:: PROBLEM REQUIREMENTS ::
Return only those lines of the records below in which "Shell" appears.

[Stored data entries]
"""
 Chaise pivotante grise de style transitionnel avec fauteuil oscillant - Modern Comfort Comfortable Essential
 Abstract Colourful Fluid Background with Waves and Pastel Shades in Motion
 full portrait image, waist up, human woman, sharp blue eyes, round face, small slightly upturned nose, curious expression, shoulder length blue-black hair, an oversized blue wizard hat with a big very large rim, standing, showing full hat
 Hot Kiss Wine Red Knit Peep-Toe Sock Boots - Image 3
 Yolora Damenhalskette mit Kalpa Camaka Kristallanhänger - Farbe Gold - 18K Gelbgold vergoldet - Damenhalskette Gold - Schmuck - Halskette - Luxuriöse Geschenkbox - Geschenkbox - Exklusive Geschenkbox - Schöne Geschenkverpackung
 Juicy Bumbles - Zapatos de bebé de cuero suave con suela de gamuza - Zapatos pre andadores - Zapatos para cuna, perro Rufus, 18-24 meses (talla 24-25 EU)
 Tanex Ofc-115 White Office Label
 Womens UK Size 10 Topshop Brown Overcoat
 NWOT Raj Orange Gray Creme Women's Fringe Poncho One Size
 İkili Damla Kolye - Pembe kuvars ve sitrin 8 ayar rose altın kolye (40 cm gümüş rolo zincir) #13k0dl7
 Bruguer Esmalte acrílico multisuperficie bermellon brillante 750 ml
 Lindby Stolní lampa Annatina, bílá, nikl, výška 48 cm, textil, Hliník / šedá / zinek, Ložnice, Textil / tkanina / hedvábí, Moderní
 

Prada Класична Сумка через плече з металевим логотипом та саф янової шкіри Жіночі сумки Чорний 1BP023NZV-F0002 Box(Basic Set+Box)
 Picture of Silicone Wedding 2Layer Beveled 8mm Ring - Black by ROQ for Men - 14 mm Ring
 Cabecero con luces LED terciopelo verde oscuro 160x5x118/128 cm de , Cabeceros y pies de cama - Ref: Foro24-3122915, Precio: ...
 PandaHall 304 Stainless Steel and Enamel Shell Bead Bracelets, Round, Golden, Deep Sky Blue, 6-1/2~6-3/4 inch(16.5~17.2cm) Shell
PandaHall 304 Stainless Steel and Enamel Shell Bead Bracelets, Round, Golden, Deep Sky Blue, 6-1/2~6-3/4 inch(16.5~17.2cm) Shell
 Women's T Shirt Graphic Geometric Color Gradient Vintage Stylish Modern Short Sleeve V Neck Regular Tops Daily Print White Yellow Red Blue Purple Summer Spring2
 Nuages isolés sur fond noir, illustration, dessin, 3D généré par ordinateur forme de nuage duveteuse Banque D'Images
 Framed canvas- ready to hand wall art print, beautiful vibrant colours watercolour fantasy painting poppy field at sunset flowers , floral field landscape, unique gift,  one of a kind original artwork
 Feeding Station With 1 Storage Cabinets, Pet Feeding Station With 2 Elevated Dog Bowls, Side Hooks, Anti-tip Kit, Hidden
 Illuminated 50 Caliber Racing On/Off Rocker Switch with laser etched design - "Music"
"""
:: EXERCISE ANSWER ::
 PandaHall 304 Stainless Steel and Enamel Shell Bead Bracelets, Round, Golden, Deep Sky Blue, 6-1/2~6-3/4 inch(16.5~17.2cm) Shell
PandaHall 304 Stainless Steel and Enamel Shell Bead Bracelets, Round, Golden, Deep Sky Blue, 6-1/2~6-3/4 inch(16.5~17.2cm) Shell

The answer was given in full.